During the backup plan set up, you can even choose encryption level (all copies are encrypted with AES encrypted key considered as impossible to break but additionally you can change a force of this encryption) and compression level to control your storage capacity.
To make it even more safe for you – we have implemented a Secure Password Manager that enables you to create strong passwords that you don’t need to memorize.
GitProtect.io also provides audit logs and notifications, so you can stay up to date and keep track of your copies for security and compliance purposes.
And finally, you have a wide range of data recovery options. Flexible, point-in-time recovery to a repository or local device makes GitProtect.io a very reliable and complete backup and disaster recovery solution for your version control system.

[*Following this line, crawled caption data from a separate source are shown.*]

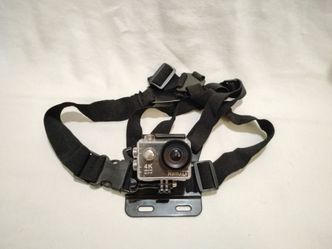 4K Action Camera with Chest Mount and waterproof casing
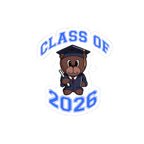 Class of 2026 Graduation Bear Sticker — Cute Cap & Gown Kiss-Cut Sticker for Students - 314 Originals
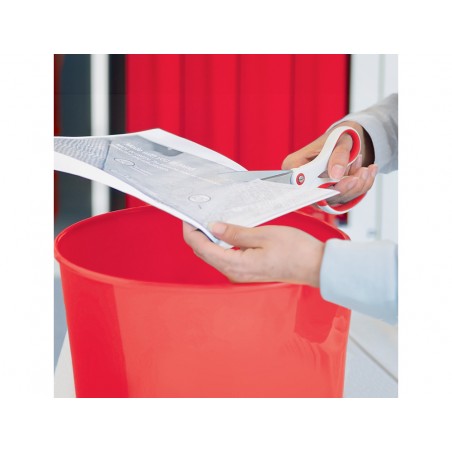 Papelera plastico leitz wow capacidad 15 litros color rojo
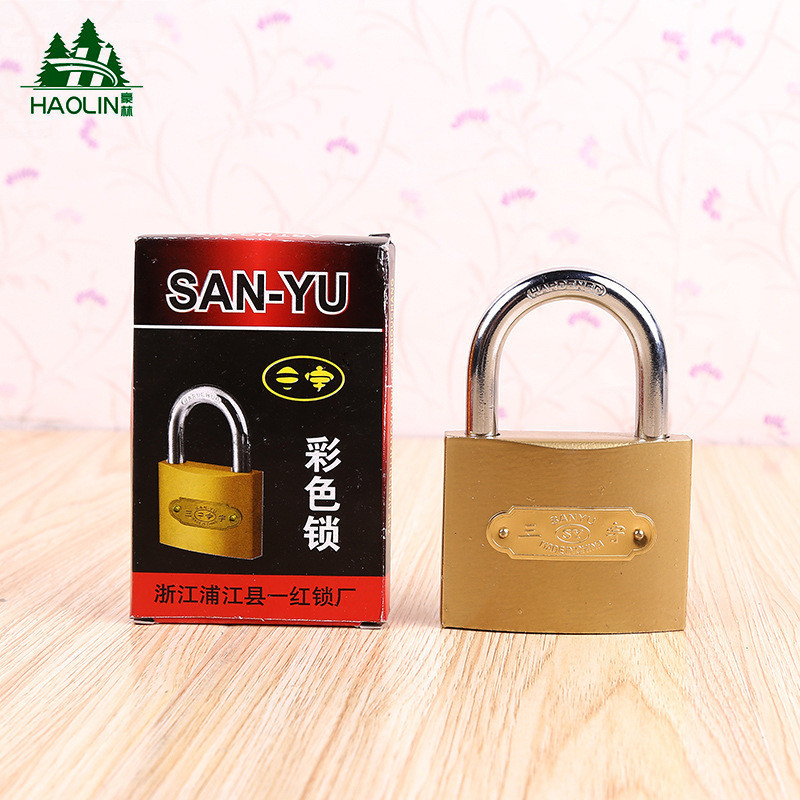 Open Padlock Imitation Copper Padlock Single Open MultiSpecification Lock Head Household Watch Box Lock Small Padlock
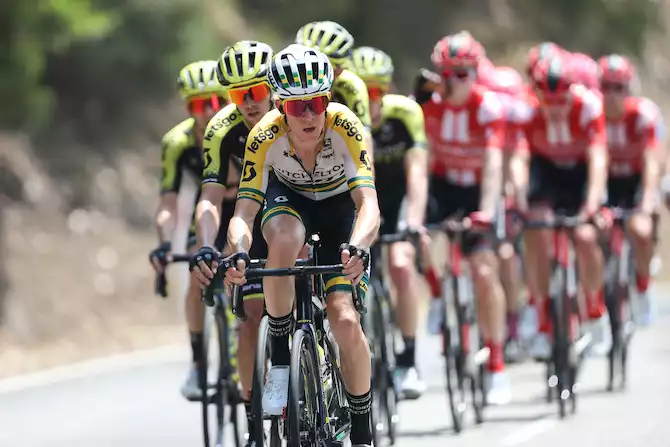 Mitchelton-Scott takes a big cut in wages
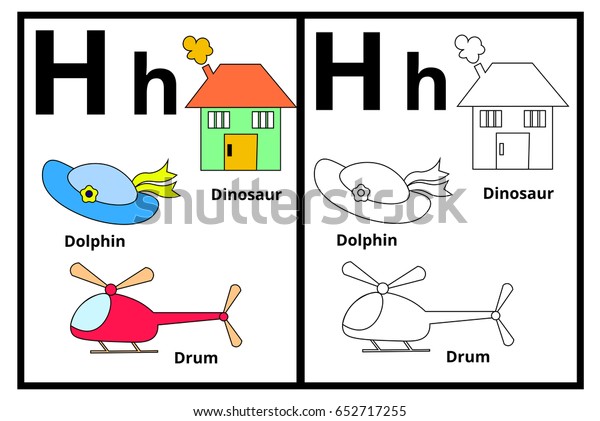 Alphabet Drawing Book Stock Vector (Royalty Free) 652717255 | Shutterstock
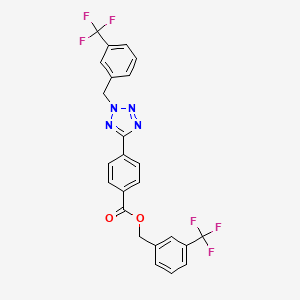 molecular formula C24H16F6N4O2 B4304257 3-(trifluoromethyl)benzyl 4-{2-[3-(trifluoromethyl)benzyl]-2H-tetrazol-5-yl}benzoate 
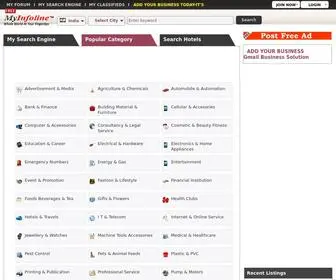 Myinfoline.com(MyInfoline yellow pages) Screenshot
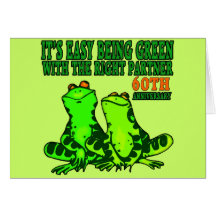 60th Wedding Anniversary Gifts Greeting Card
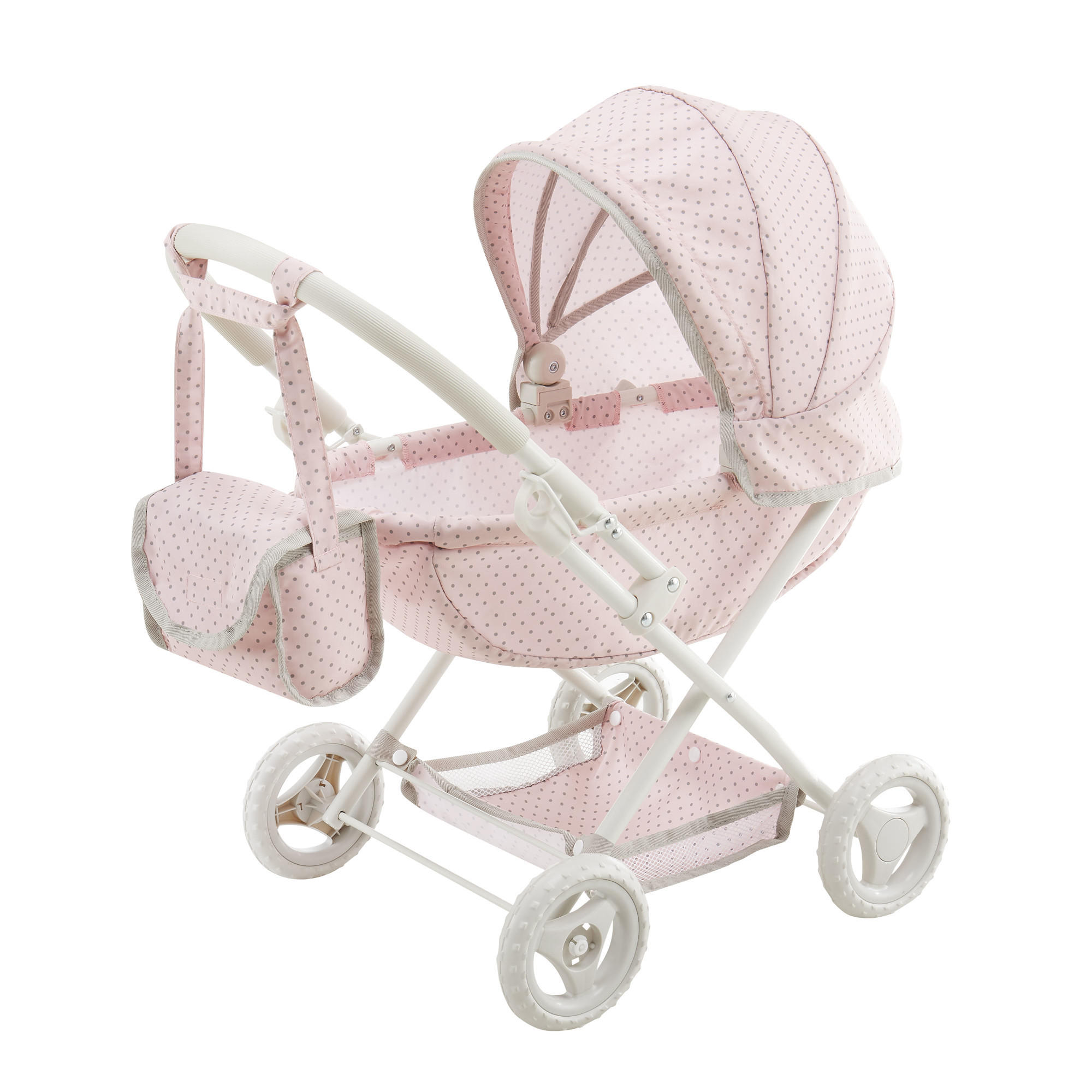 Teamson Kids Puppenwagen, Pink 58x65x35 cm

CON: GitProtect.io powered by Xopero ONE is a paid solution but the price depends on the number of repositories to protect. The more repos you have, the less you pay for one repository. Unlike in your own script case, you are not an architect here so you have less control over how it works and what features it has. But the list of features is quite long (and based on years of market experience) so probably it can be even wider than you expect. Considering you can use your own infrastructure and nearly every storage as well as even archive git (and saving your version control system space) this price seems relatively low and reasonable. Adding any possible attacks and events of failures may even become an investment with a pretty high return. It is said that in the event of failure you can save 4$ on every 1$ spent on backup and disaster recovery solutions.
GitProtect.io – for who? For every organization that treats its code as an Intellectual Property and relies on version control systems like git and hosting platforms like GitHub, Bitbucket, or GitLab – regardless of its size, revenues, and even industry. It can be an enterprise, a small or medium-sized business that has an IT department as well as a software house and even individual developers. It’s for all organizations that are aware of data breach costs and legal penalties so want to prevent data loss and ensure business continuity.